Хотя именно тогда партия давила лженауку кибернетику… Ее ЦК, аппарат, как всегда, были далеки от реальных вещей.
Юрий Жданов с товарищами громил кибернетику, а страна выпускала для «оборонки» эти крайне необходимые нам машины. Их болтовня нам не мешала, потому что к таким серьезным вещам, как ядерный, ракетный проекты, партийных работников и близко не подпускали. В других отраслях, где они имели возможность вмешиваться, они, конечно, мешали здорово… А Сталина интересовало дело. Цену аппарату ЦК он знал, поверьте… Он ему был нужен лишь для контроля. Во всяком случае – знаю это точно – противником вычислительной техники он не был. Напротив, выделялись соответствующие средства, предприятия переходили на выпуск новой продукции.
Да, с позиций сегодняшнего дня можно, безусловно, сказать, что следовало больше средств вкладывать в перспективное дело, но вспомните, какое это было непростое время. Если бы столь грандиозная задача была поставлена даже не сегодня, а, скажем, в более благополучные восьмидесятые годы, не уверен, что можно было бы достичь подобного. А тогда, после такой страшной войны, с нуля начинали. Но ведь справились.
Михаил Первухин, в послевоенные годы министр химической промышленности, заместитель председателя Совета Министров СССР, в своих воспоминаниях, написанных еще в конце шестидесятых годов и опубликованных лишь недавно, утверждал, что «в случае неудачи нам бы пришлось понести суровое наказание за неуспех». «Конечно, мы все ходили под страхом», – вторит ему Ефим Славский, в те годы первый директор атомного комбината, а впоследствии трижды Герой Социалистического Труда, министр среднего машиностроения СССР. В других источниках прямо говорится, что Лаврентий Павлович приехал на полигон с двумя списками сотрудников – один был наградной, другой, в случае неудачи, для ареста… Поговаривают даже, что отец якобы до самой последней минуты не верил, что бомба взорвется…
Баек на сей счет ходит действительно много.
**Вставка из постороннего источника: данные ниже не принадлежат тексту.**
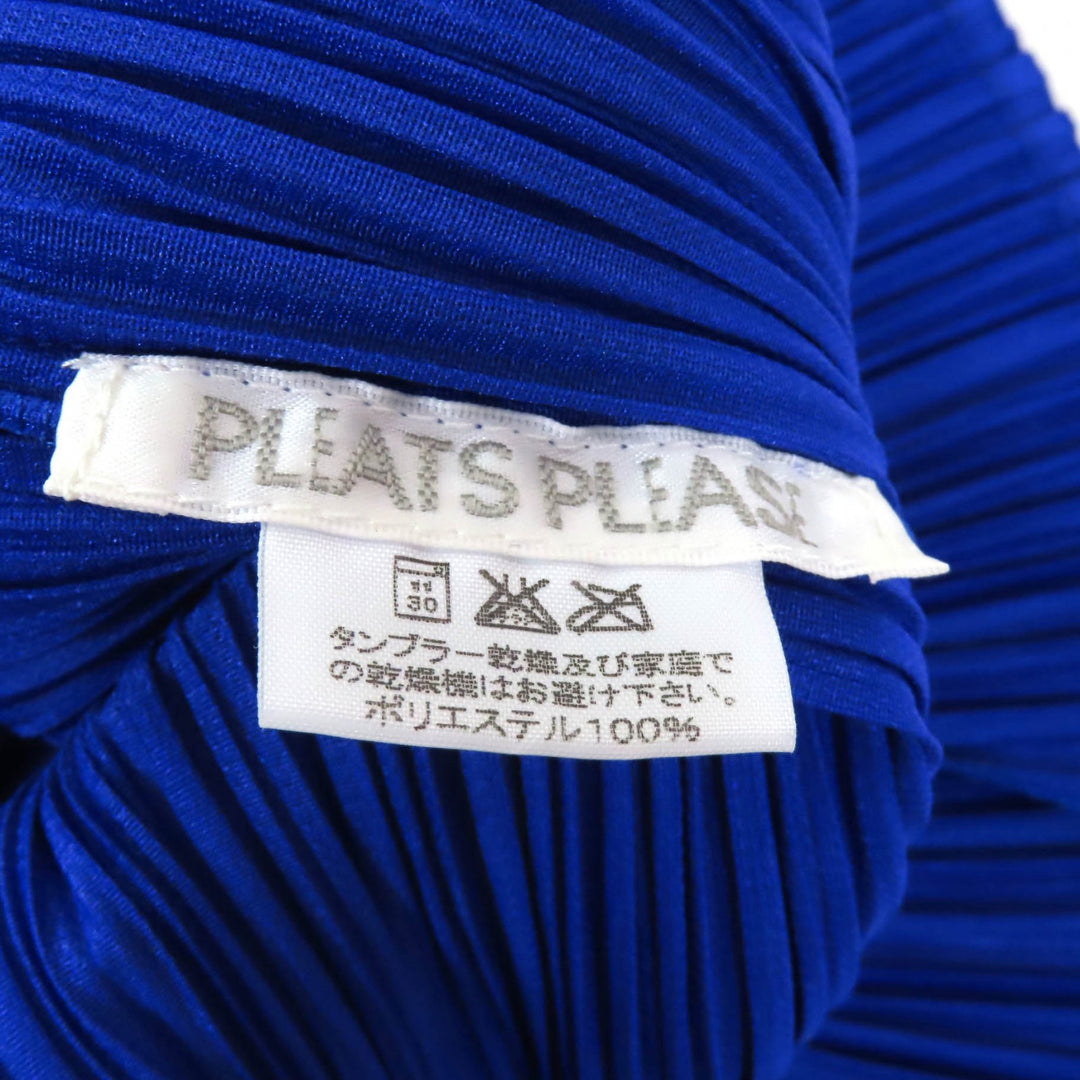 Excellent PLEATS PLEASE T-shirt blue polyester Women 3 PP01-JK704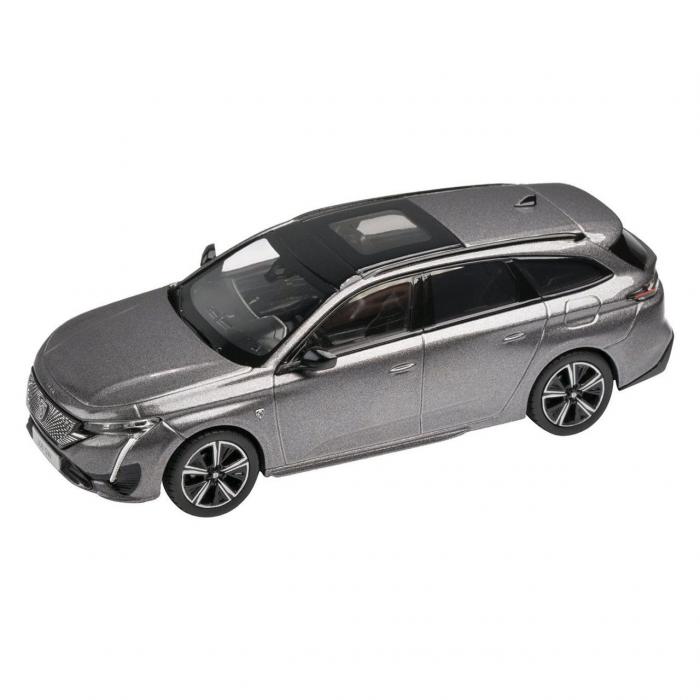 Model Peugeot 308 SW GT PLATINUM GREY 2021 1:43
И об этих списках я читал, и о прочем… А правда такова. Тогда, в августе 1949 года, я сам присутствовал при взрыве первой советской атомной бомбы, так что обо всем знаю не понаслышке. Дописались даже до того, что отец был после взрыва в дурном настроении, потому что не успел первым доложить об удачных испытаниях Сталину.
Реакцию своего отца я помню прекрасно. Все было совершенно иначе. Сразу же после взрыва отец и Курчатов обнялись и расцеловались. Помню, отец сказал тогда: «Слава Богу, что у нас все нормально получилось…» Дело в том, что в любой группе ученых есть противники. Так было и здесь. Сталину постоянно писали, докладывали, что вероятность взрыва крайне мала. Американцы, мол, несколько попыток сделали, прежде чем что-то получилось.
И отец, и ученые, привлеченные к реализации атомного проекта, об этом, разумеется, знали. Как и о том, что чисто теоретически – уже не помню сейчас, какой именно процент тогда называли, – взрыва может не быть с первой попытки. И когда бомба взорвалась, все они, вполне понятно, испытали огромное облегчение. Я смотрел на отца и понимал, какой ценой и ему, и людям, которые не один год с ним вместе работали, достался этот успех.
Как пишут сейчас, «это был триумф Берия»… Но это был триумф Советского Союза, советской науки. Задача, что и говорить, была выполнена колоссальная.
Откровенно говоря, лично на меня этот взрыв такого впечатления, как на моего отца, Курчатова и других людей, – а в бункере нас было человек десять, – не произвел. Впечатление, безусловно, сильное, но не потрясающее. На меня, скажем, гораздо большее впечатление произвели испытания нашего снаряда, который буквально прошил крейсер «Красный Кавказ». В один борт корабля вошел, из другого вышел. Но это была НАША разработка, в которую столько было вложено мною и моими товарищами. А здесь… Я, конечно, отдавал себе отчет, что присутствую при необыкновенном событии. Создана бомба невероятной разрушительной силы, – все это имеет колоссальное значение для нашей страны. Но эмоциональное восприятие было все же иным. Я хорошо знал, что подобные испытания проходили у американцев и как они проходили. Словом, довольно спокойно отошел я от телескопа, а их в бункере было установлено несколько.
Для Курчатова и моего отца с этим взрывом был связан целый этап жизни. Конечно, им все то, что случилось, было близко и дорого.
Когда пишут сейчас обо всех этих вещах, неточностей допускают много, а зачастую и врут безбожно. Не было и в помине никаких списков, а если кто-то утверждает, что ученые боялись отца, пусть останется это на его совести. Отношения были совершенно иными.